Thanatos yazıyı okuyabilmem için duvarın önünden çekildi. Yine geçmişime ya da kendime dair bir şeyler öğrenmekten korktuğum için çekimser yaklaşmıştım ama neyseki tahmin ettiğim türde bir yazı değildi.
Nefesimi toparladıktan sonra sesli okudum. "Tüm inananlar için. Unutmayın, inanmakta tanrıların size bir lütfudur. Burası auroraya ulaşacağınız yerdir. O der ki; İnanmaktan vazgeçen karanlığın çocuğudur. İnananları Zeus kutsar, Hades Elysium'un en güzel köşesine koyar."
Marcus yüzünü buruşturdu. "Bu ne şimdi? Bizler de karanlığın çocuğuyuz ama inancımızın olmadığı söylenemez."
Thanatos hemen Marcus'un yanlış anlamasına müdahale etti. "Kastettiği şey bu değil. Yani hiç kimse aydınlık dururken karanlıkta yürümeyi tercih etmez. İnanmak, inanç aydınlıktır. İnanmamak, inançsızlık karanlık. Tanrılar ve titanlar inancı böyle sembolize etmişlerdir."
"Peki auroraya ulaşmak ne demek? Ve "o" kim?" Diyerek lafa karıştım.
Bir kaç saniye düşündükten sonra cevap verdi. "Tanrıların yeryüzünde bazı elçileri vardır. Bilirsiniz, bu elçiler tapınaklarda yaşarlar ve insanlara ibadet ederken yardımcı olurlar. Bu elçiler bazen ibadet ettiklerinde tanrılara öyle odaklanırlar ki onları hissederler. Adeta tanrılarla tek vücut olurlar. Buna auroraya ulaşmak denir." Sırıtarak ekledi. "Eğer bunu yapan kişiyle birleştiği tanrı zıt cinsiyetlerse genelde melez çocuklar doğar. Hercules'in doğumu böyle olmuştur mesela. Hera da bu yüzden çıldırdı." Sert bakışlarımın hedefi olunca ciddileştiğini hissettim. Annem bana ne yapmış olursa olsun hakkında böyle konuşulmasına izin veremezdim. "Ve şu "o" konusuna gelirsek. Oraya kimi koyarsan o "o"dur. Mesela oraya Zeus'u koyabilirsin. Hera'yı koyabilirsin. Kendini koyabilirsin. Önemli olan "o"na inanmandır."
"Kimin abisi işte..." Marcus'un lafı bitmeden Thanatos sırtına bir tane geçirdi.

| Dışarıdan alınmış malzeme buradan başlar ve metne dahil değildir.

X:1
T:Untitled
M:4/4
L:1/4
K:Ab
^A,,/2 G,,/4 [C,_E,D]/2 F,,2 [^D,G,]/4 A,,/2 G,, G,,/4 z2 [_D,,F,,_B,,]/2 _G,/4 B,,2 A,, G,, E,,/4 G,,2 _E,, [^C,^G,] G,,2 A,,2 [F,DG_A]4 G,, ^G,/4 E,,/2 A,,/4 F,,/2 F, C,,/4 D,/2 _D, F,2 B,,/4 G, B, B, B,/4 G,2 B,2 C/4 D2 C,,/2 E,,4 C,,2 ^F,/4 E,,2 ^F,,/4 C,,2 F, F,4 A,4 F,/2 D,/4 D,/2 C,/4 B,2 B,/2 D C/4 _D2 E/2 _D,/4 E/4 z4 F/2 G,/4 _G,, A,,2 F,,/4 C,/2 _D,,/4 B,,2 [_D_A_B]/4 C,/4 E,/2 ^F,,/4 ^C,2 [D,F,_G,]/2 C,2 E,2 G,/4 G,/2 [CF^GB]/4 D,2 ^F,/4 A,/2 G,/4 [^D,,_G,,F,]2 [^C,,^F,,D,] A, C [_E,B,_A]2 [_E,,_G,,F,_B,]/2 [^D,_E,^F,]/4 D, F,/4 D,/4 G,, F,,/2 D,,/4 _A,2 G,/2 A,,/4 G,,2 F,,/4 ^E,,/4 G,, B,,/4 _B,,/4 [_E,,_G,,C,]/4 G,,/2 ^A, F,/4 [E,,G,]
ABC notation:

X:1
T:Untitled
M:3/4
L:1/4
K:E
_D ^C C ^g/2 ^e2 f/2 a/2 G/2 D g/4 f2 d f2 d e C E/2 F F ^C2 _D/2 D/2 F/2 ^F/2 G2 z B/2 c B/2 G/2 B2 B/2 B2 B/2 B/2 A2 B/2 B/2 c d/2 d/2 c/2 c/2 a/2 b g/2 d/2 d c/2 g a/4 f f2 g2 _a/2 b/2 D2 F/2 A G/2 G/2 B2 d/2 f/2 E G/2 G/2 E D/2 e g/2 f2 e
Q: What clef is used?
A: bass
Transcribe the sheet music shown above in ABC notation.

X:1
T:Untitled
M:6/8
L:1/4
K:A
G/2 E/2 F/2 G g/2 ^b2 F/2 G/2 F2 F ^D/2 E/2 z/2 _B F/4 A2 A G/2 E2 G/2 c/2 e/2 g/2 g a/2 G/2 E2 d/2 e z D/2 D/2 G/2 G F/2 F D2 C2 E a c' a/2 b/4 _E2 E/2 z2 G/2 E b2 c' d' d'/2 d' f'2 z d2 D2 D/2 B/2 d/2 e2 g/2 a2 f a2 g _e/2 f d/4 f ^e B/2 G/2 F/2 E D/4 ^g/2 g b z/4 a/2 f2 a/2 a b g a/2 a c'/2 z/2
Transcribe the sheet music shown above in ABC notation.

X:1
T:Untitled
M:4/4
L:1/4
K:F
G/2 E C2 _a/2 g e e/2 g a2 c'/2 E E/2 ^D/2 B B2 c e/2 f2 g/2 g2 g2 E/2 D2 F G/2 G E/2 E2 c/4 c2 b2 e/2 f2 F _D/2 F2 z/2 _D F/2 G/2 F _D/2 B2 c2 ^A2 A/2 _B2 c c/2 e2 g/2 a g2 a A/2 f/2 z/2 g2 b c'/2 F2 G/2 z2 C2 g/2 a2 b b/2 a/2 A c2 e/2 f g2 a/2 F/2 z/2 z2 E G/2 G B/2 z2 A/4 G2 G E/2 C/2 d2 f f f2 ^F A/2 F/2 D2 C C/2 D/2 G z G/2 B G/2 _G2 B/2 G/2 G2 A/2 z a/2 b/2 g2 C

"Seninle sonra görüşmem gereken bir konu var küçük şey. Onüç görev yüzünden sana hala sinirliyim."
Onlar aralarında tartışırken ben yazıyı inceliyordum. En altta, duvarın köşesine sanki bir mahkumun hapishanede gün sayması gibi atılan çizikler dikkatimi çekti. P harfini andırıyordu, merakıma yenik düşerek elimi harfin üzerine koydum.
O an ne olduysa oldu. Yerden gökyüzüne, etrafımızı çevreleyecek şekilde siyah dumanlar yükseliyordu. Marcus ve Thanatos didişmeyi bırakıp hayretle etrafa baktılar. Hiç bir şey yapamadan öylece kalmıştık.Dumanlar yerini tatlı esintilere bıraktığında ortamızda sarı renk teni ve siyah uzun saçlarıyla en fazla bacağımın yarısı kadar olan bir kız belirdi. Beyaz elbisesinin üstündeki altın rengi işlemeler soylu biri olduğunu gösteriyordu.
Ensesindeki dövmeyi görünce kafama dank etti. "Pandora!"
Kızın adını söyler söylemez önümde diz çöktü. Ne yapacağımı şaşırmıştım. "Işık. Tanrılarım, nihayet ışık! Shaila. Işık tanrıçası. Seni ne kadar uzun zamandır bekliyorum bilemezsin."
"Anlamadım beni neden bekliyorsun?" Kızın yanına çöktüğümde hikayesi aklıma geldi. Onun teni saflığın göstergesi olan balmumundan yapılmıştı. Zeus insanları cezalandırmak için kadın cinsini mükemmel olarak yaratıp tanrılardan ateşi çalan Promethus'un kardeşi Epimetheus'a onu hediye olarak yollamıştı. Her şeyi kusursuzdu, bir şey hariç. Zeus ona hediye olarak bizim de peşine düştüğümüz kutuyu evlilik hediyesi olarak vermişti. Bu kutuyla tüm iyilikler mümkün olduğu gibi tüm kötülükler de mümkündü. O günden sonra Pandora yaşamayı bırakıp bu kutuyu korumaya kendini adamıştı.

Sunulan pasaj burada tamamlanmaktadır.